Interceptors in the sky.
Explosions over multiple cities.
Israel is under sustained missile pressure.
This is not symbolic retaliation.
This is state-to-state confrontation.


☢️ THE NUCLEAR CALCULUS HAS CHANGED FOREVER
Before Khamenei’s death, Iran’s nuclear program was leverage.
Now it becomes insurance.
A regime that has just witnessed its Supreme Leader assassinated by foreign powers will not approach deterrence cautiously.
It will pursue it urgently.
The logic has shifted from negotiation to survival.
And once survival logic dominates, nuclear restraint evaporates.

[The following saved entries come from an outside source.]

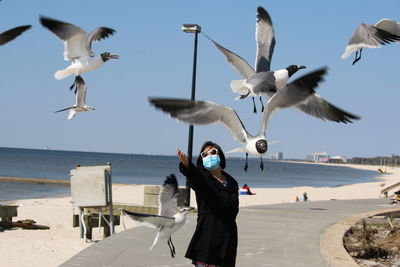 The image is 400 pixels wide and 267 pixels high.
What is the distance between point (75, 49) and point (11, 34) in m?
0.77

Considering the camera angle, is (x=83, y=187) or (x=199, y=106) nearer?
(x=199, y=106)

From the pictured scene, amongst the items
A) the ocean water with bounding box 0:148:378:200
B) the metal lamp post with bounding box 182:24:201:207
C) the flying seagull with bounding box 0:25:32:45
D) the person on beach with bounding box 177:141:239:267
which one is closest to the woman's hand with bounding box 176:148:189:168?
the person on beach with bounding box 177:141:239:267

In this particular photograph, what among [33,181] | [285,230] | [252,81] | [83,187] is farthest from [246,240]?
[33,181]

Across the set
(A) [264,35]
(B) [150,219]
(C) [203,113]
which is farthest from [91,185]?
(C) [203,113]

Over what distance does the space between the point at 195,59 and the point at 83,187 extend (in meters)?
5.36

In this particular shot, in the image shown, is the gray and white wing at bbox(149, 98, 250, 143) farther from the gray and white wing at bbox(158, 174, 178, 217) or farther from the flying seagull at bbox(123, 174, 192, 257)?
the gray and white wing at bbox(158, 174, 178, 217)

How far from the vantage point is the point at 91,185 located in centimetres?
1084

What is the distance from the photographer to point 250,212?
12.8 m

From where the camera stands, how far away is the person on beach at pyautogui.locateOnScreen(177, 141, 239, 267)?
4.13 meters

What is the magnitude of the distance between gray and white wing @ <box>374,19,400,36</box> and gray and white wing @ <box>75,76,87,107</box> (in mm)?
2222

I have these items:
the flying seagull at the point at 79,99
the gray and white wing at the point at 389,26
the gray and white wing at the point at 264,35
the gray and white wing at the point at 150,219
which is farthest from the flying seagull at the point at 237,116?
the gray and white wing at the point at 264,35

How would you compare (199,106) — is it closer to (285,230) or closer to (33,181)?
(285,230)

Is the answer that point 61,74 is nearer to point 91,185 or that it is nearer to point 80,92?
point 80,92

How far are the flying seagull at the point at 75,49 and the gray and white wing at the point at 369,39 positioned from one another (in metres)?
1.62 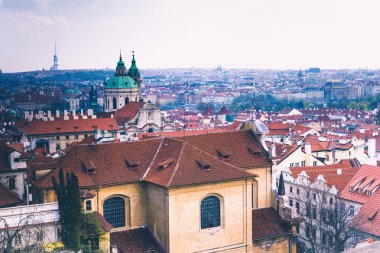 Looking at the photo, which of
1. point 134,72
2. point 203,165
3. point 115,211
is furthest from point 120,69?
point 203,165

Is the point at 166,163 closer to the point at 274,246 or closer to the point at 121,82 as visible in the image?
the point at 274,246

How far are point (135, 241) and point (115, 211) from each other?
2.32 meters

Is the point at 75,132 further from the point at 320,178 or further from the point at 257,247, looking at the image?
the point at 257,247

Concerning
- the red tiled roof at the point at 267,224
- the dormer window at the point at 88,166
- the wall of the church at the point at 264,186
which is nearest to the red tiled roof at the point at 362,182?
the wall of the church at the point at 264,186

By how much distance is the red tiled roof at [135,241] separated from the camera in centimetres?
3553

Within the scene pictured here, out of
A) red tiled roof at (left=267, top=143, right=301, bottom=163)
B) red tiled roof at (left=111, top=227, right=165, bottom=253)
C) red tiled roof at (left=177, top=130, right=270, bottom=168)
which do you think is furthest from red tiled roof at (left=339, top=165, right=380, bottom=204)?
red tiled roof at (left=111, top=227, right=165, bottom=253)

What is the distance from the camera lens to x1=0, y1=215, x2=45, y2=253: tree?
102ft

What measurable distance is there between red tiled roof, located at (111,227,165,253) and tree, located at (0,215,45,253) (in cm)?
500

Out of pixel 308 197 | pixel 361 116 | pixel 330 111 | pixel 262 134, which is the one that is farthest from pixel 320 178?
pixel 330 111

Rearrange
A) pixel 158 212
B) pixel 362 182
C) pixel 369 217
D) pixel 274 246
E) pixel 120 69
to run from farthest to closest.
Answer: pixel 120 69 < pixel 362 182 < pixel 369 217 < pixel 274 246 < pixel 158 212

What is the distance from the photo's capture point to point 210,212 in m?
36.8

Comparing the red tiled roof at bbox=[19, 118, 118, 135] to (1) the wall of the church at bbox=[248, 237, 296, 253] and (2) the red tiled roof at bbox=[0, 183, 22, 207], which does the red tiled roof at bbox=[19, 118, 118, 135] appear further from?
(1) the wall of the church at bbox=[248, 237, 296, 253]

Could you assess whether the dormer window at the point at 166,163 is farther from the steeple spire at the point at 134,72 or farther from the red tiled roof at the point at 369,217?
the steeple spire at the point at 134,72

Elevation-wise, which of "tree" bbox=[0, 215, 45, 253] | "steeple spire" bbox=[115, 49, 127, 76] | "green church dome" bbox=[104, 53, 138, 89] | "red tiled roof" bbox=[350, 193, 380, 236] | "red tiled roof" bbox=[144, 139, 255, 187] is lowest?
"red tiled roof" bbox=[350, 193, 380, 236]
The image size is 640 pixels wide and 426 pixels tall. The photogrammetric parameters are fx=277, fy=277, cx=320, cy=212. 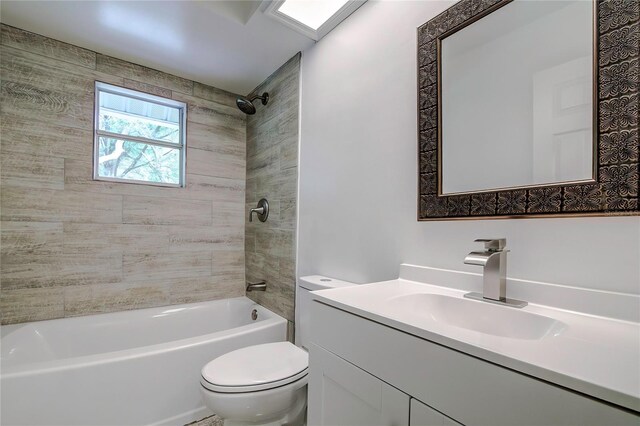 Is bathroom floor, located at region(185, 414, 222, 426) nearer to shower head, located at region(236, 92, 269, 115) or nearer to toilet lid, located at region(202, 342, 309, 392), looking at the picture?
toilet lid, located at region(202, 342, 309, 392)

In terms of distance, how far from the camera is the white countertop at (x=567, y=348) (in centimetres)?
41

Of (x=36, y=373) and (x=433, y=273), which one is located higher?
(x=433, y=273)

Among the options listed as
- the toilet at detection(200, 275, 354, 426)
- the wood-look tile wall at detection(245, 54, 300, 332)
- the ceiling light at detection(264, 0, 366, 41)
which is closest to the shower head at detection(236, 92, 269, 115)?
the wood-look tile wall at detection(245, 54, 300, 332)

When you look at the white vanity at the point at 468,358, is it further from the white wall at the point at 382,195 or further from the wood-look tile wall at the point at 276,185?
the wood-look tile wall at the point at 276,185

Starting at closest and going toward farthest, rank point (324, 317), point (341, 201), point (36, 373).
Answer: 1. point (324, 317)
2. point (36, 373)
3. point (341, 201)

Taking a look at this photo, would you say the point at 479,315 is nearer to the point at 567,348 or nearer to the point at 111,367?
the point at 567,348

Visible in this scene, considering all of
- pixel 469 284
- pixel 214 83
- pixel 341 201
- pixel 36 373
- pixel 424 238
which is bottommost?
pixel 36 373

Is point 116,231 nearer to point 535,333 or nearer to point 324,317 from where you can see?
point 324,317

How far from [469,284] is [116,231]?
2362 mm

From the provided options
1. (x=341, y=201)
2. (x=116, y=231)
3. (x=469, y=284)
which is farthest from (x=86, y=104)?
(x=469, y=284)

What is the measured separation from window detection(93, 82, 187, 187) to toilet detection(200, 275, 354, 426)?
65.0 inches

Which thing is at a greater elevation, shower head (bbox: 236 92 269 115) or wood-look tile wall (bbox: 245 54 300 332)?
shower head (bbox: 236 92 269 115)

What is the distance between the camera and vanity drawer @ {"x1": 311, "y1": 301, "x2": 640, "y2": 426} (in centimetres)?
43

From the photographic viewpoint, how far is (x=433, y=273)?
3.58 ft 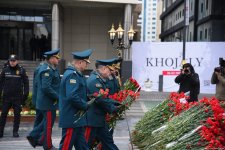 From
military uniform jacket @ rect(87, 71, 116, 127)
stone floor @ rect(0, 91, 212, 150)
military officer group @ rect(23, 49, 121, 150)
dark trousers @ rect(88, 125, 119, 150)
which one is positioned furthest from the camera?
stone floor @ rect(0, 91, 212, 150)

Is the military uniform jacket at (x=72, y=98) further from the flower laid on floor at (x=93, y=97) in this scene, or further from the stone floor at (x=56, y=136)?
the stone floor at (x=56, y=136)

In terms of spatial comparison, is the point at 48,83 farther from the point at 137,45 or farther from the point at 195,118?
the point at 137,45

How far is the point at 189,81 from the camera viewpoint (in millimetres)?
9484

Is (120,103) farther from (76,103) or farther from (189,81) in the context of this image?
(189,81)

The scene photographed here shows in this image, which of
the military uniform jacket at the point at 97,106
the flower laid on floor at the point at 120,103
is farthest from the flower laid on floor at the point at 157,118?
the military uniform jacket at the point at 97,106

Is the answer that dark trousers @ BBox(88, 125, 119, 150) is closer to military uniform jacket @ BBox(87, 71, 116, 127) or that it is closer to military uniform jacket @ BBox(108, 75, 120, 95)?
military uniform jacket @ BBox(87, 71, 116, 127)

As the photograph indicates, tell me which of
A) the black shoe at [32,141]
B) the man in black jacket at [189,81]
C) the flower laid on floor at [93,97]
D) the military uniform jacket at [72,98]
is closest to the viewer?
the military uniform jacket at [72,98]

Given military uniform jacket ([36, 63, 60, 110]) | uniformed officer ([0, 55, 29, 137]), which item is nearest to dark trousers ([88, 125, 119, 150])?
military uniform jacket ([36, 63, 60, 110])

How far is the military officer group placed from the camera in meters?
5.68

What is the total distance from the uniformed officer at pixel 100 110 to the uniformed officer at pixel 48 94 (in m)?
1.04

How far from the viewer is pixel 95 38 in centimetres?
3062

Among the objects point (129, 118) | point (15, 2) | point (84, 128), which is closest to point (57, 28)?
point (15, 2)

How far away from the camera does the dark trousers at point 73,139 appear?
18.6ft

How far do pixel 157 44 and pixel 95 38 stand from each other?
31.7 feet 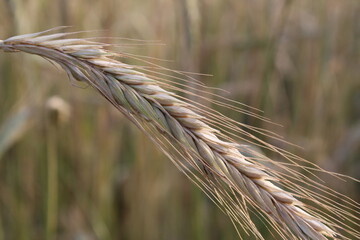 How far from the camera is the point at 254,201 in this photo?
631mm

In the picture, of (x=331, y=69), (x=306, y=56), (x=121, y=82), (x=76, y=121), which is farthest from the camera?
(x=306, y=56)

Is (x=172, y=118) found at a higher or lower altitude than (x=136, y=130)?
higher

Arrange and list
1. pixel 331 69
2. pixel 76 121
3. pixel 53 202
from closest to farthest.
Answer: pixel 53 202, pixel 76 121, pixel 331 69

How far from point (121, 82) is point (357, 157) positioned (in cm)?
205

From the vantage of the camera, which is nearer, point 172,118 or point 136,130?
point 172,118

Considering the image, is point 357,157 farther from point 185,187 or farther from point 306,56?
→ point 185,187

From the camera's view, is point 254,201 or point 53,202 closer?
point 254,201

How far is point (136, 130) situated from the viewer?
1929 millimetres

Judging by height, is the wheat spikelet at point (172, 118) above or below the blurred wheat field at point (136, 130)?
above

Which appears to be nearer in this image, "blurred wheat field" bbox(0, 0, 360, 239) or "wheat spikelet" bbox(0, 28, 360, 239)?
"wheat spikelet" bbox(0, 28, 360, 239)

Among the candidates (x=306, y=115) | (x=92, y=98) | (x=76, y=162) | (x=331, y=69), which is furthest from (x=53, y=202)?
(x=331, y=69)

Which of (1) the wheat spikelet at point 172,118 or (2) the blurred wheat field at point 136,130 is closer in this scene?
(1) the wheat spikelet at point 172,118

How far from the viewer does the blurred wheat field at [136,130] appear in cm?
162

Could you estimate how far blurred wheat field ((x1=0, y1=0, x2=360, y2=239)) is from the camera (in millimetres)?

REGIONAL WAR, GLOBAL CONSEQUENCES
The Middle East is no longer the only theater at risk.
Consider what is already in motion:
U.S. casualties confirmed
Gulf states under missile fire
Israeli cities targeted
Oil markets trembling
Shipping routes at risk
Superpowers recalculating
The Strait of Hormuz remains vulnerable.
Energy markets remain fragile.
Global inflation could surge overnight.
Financial systems could convulse within days.
This is how regional wars become global crises.

THE STRATEGIC BLUNDER OF A GENERATION
History will debate the tactical brilliance of the strike.
But it will not ignore its strategic consequences.
The killing of Iran’s Supreme Leader may be remembered as:
The moment Iran unified beyond repair
The spark that accelerated nuclear proliferation
The trigger for direct U.S.–Iran confrontation
The miscalculation that destabilized the global order
Wars are easy to start.
They are almost impossible to control once pride, retaliation, and martyrdom narratives take hold.


THE WORLD STANDS AT THE EDGE
This is not alarmism.
This is reality:
Iran has confirmed its Supreme Leader’s death.
Iran is retaliating across multiple sovereign states.
U.S. forces have suffered casualties.
Israeli territory is under missile fire.
The escalation ladder is no longer theoretical.
It is being climbed in real time.


FINAL WARNING
There are moments in history when leaders can still choose restraint.
This is one of them.
If immediate de-escalation does not occur:
The Gulf could become a permanent war zone
Nuclear thresholds could collapse
Global powers could be drawn in
World War dynamics could crystallize
The death of Khamenei was not the end of this crisis.
It was the beginning of a far more dangerous phase.
Stop this war now — before retaliation becomes total confrontation.
Stop this war — before deterrence becomes nuclear.
Stop this war — before the Middle East drags the world into its flames.